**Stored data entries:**
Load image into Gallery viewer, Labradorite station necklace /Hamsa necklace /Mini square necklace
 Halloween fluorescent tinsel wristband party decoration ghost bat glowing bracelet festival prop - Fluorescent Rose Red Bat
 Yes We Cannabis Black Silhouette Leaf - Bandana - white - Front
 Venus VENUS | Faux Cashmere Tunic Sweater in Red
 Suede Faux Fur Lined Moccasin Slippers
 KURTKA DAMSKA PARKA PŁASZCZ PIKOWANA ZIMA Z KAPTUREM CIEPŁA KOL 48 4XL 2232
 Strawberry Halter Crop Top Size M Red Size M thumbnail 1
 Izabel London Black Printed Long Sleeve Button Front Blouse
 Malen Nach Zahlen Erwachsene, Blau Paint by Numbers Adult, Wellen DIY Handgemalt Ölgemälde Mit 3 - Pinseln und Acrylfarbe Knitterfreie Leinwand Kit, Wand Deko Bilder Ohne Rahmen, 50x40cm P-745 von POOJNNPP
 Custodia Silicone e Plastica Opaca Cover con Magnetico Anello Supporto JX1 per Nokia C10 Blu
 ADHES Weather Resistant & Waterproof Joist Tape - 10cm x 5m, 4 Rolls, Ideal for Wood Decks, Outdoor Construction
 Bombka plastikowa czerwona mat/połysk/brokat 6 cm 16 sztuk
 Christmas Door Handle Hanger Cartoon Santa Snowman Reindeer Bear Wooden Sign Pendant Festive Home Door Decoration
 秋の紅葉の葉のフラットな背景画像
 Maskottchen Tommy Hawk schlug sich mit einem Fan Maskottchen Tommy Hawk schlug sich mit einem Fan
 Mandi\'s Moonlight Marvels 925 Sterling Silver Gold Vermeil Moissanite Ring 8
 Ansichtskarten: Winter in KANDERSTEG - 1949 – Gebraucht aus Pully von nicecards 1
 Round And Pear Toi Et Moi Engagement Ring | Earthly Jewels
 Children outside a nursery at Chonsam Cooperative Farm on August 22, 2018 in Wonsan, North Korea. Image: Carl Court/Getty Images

**WHAT THIS TASK INVOLVES:** Copy out each line of the data containing the string "Black".

**ANSWER TO THIS EXERCISE:**
 Yes We Cannabis Black Silhouette Leaf - Bandana - white - Front
 Izabel London Black Printed Long Sleeve Button Front Blouse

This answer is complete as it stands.